Né en 1886 dans une famille prussienne rigide, Armin est sensible aux arts et compose des poésies mais s’engage dans l’armée comme ambulancier pour prendre son indépendance.
Entre 1914 et 1915, en pleine Première guerre mondiale, le jeune lieutenant du Corps sanitaire allemand est envoyé au cœur de l’Empire Ottoman, allié de l’Allemagne, le long de la voie ferrée pour Bagdad entre la Syrie et la Mésopotamie. C’est là qu’il assiste aux marches de la mort des Arméniens, traînés dans le désert de pour mourir d’épuisement, condamnés par l’idéologie nationaliste du gouvernement des jeunes Turcs.

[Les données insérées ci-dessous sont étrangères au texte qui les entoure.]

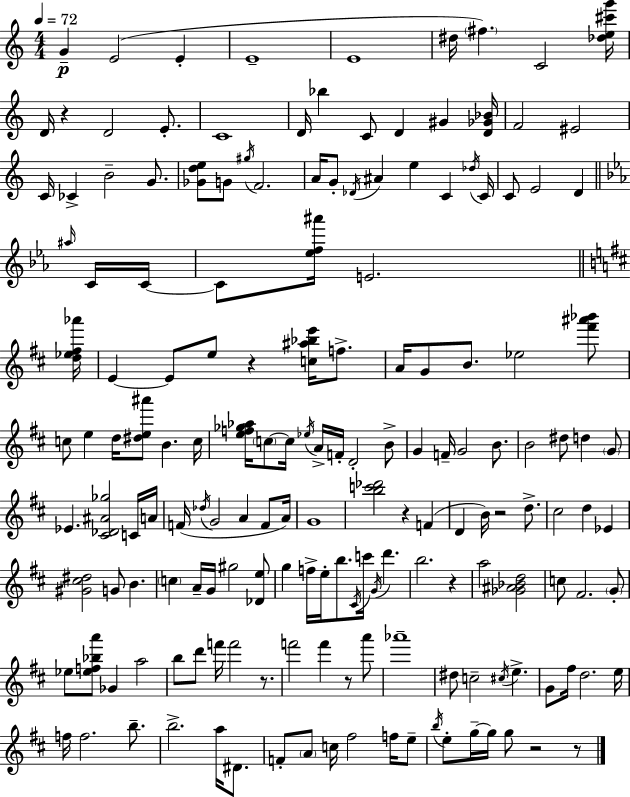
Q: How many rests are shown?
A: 9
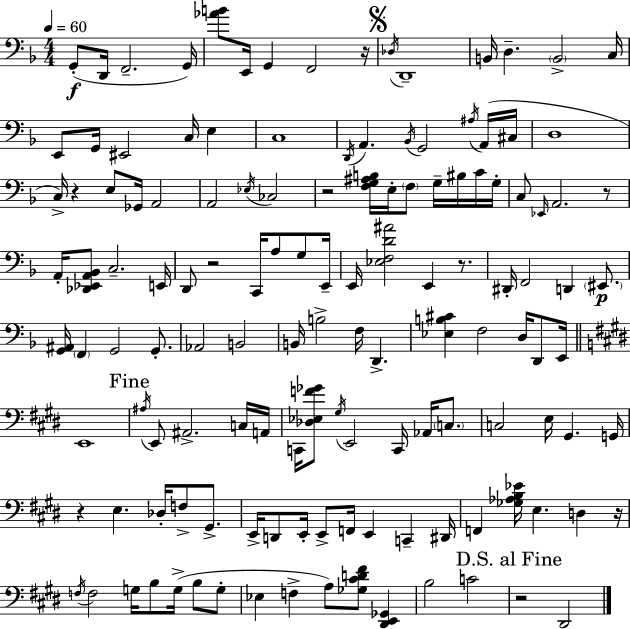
G2/e D2/s F2/h. G2/s [Ab4,B4]/e E2/s G2/q F2/h R/s Db3/s D2/w B2/s D3/q. B2/h C3/s E2/e G2/s EIS2/h C3/s E3/q C3/w D2/s A2/q. Bb2/s G2/h A#3/s A2/s C#3/s D3/w C3/s R/q E3/e Gb2/s A2/h A2/h Eb3/s CES3/h R/h [F3,G3,A#3,B3]/s E3/s F3/e G3/s BIS3/s C4/s G3/s C3/e Eb2/s A2/h. R/e A2/s [Db2,Eb2,A2,Bb2]/e C3/h. E2/s D2/e R/h C2/s A3/e G3/e E2/s E2/s [Eb3,F3,D4,A#4]/h E2/q R/e. D#2/s F2/h D2/q EIS2/e. [G2,A#2]/s F2/q G2/h G2/e. Ab2/h B2/h B2/s B3/h F3/s D2/q. [Eb3,B3,C#4]/q F3/h D3/s D2/e E2/s E2/w A#3/s E2/e A#2/h. C3/s A2/s C2/s [Db3,Eb3,F4,Gb4]/e G#3/s E2/h C2/s Ab2/s C3/e. C3/h E3/s G#2/q. G2/s R/q E3/q. Db3/s F3/e G#2/e. E2/s D2/e E2/s E2/e F2/s E2/q C2/q D#2/s F2/q [Gb3,Ab3,B3,Eb4]/s E3/q. D3/q R/s F3/s F3/h G3/s B3/e G3/s B3/e G3/e Eb3/q F3/q A3/e [Gb3,C#4,D4,F#4]/e [D#2,E2,Gb2]/q B3/h C4/h R/h D#2/h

Découvrez, ci-dessous, des photos des archives Wegner. Les visages, fixés par l’objectif du photographe, nous parlent mieux de la souffrance d’un peuple que les photographies des morts.
Wegner ne parvient pas à fermer les yeux devant cette souffrance et devient le témoin de la première épuration ethnique documentée des temps modernes. Il désobéit quand on lui impose de taire les nouvelles des massacres, prend des notes et des documents des camps de déportation de Deir Ez-Zor, accepte de remettre les lettres des déportés. Il prend surtout des centaines de photographies : elles sont presque toutes confisquées mais quand les Allemands, à la demande des Turcs, le rappellent en Allemagne, il réussit à en ramener en Occident en cachant les négatifs dans sa ceinture. Il sauva ainsi une des preuves les plus importantes du génocide arménien.

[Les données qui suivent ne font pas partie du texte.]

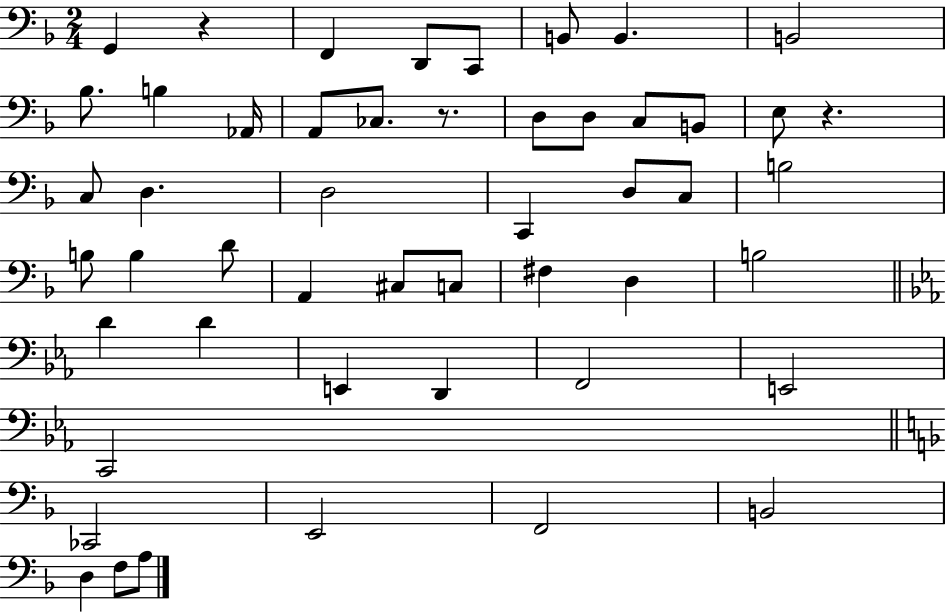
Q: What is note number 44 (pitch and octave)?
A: B2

Après la guerre, Wegner organise des conférences à Berlin et publie des textes racontant les atrocités commises contre les Arméniens. Il va jusqu’à adresser une lettre ouverte au président des États-Unis en 1919. Personne n’imaginait qu’il s’agissait là d’une répétition générale des génocides du XXe siècle.
Wegner ne reste pas indifférent face au nazisme et aux discriminations envers les juifs : en 1933, il écrit une lettre à Hitler dans laquelle il explique au chancelier que la persécution des juifs allemands va se retourner contre le pays.

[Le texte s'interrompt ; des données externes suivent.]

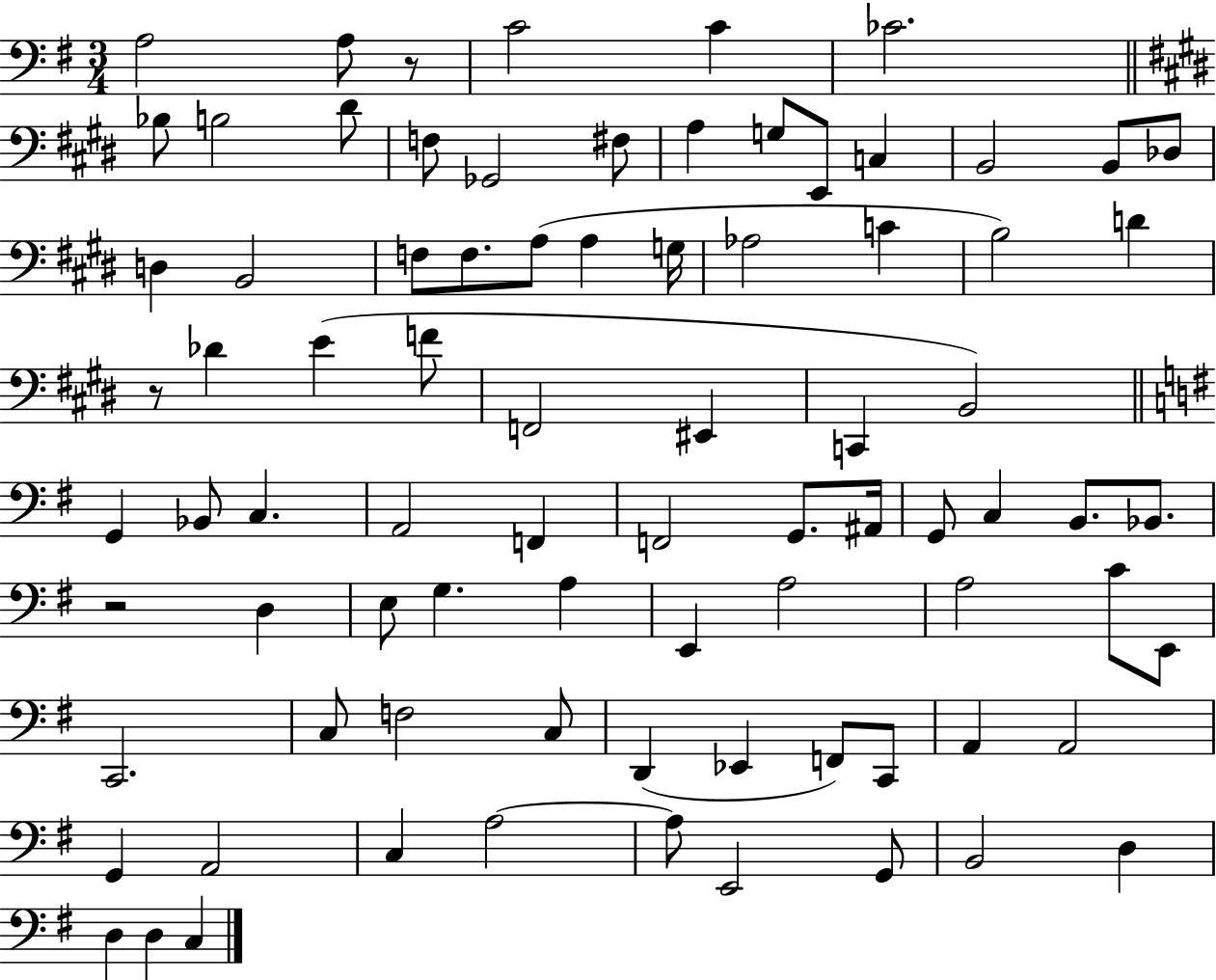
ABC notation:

X:1
T:Untitled
M:3/4
L:1/4
K:G
A,2 A,/2 z/2 C2 C _C2 _B,/2 B,2 ^D/2 F,/2 _G,,2 ^F,/2 A, G,/2 E,,/2 C, B,,2 B,,/2 _D,/2 D, B,,2 F,/2 F,/2 A,/2 A, G,/4 _A,2 C B,2 D z/2 _D E F/2 F,,2 ^E,, C,, B,,2 G,, _B,,/2 C, A,,2 F,, F,,2 G,,/2 ^A,,/4 G,,/2 C, B,,/2 _B,,/2 z2 D, E,/2 G, A, E,, A,2 A,2 C/2 E,,/2 C,,2 C,/2 F,2 C,/2 D,, _E,, F,,/2 C,,/2 A,, A,,2 G,, A,,2 C, A,2 A,/2 E,,2 G,,/2 B,,2 D, D, D, C,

Après la publication, il est arrêté par la Gestapo, emprisonné et torturé. Ce n’est pas la naïveté qui l’avait fait penser pouvoir convaincre Hitler de changer d’idée sur les juifs mais sa détermination et son sens profond de la justice.
Le 10 mai 1933, dans différentes villes allemandes, les nazis jettent au buché les livres des écrivains indésirables, parmi lesquels Wegner. Il est envoyé dans plusieurs camps de concentration. Après sa libération, il fuit à Rome où il vit jusqu’à sa mort en 1978.
Peut-on parler de Wegner comme d’un héros sans peur et sans reproche ? Il serait plus juste de le décrire comme un homme qui aimait profondément la vie et qui voyait comme un devoir de dénoncer les injustices car “celui qui fait du mal aux autres, fait du mal à soi-même”.
En 1967, Yad Vashem, le musée de l’Holocauste de Jérusalem a remis à Wegner le titre de “Juste parmi les Nations”. L’Arménie le décore de l’ordre de saint Grégoire l’Illuminateur et après sa mort, une partie de ses cendres est placée auprès de la flamme éternelle du mémorial du génocide arménien.
L’inscription sur la pierre tombale de Wegner reprend les mots attribués au pape Grégoire VII en 1085 : “Amavi iustitiam odi iniquitatem. Propterea morior in exsilio” : “J’ai aimé la justice et haï l’iniquité. C’est pour cela que je meurs en exil”.
Un legs toujours actuel face aux tragédies de notre époque.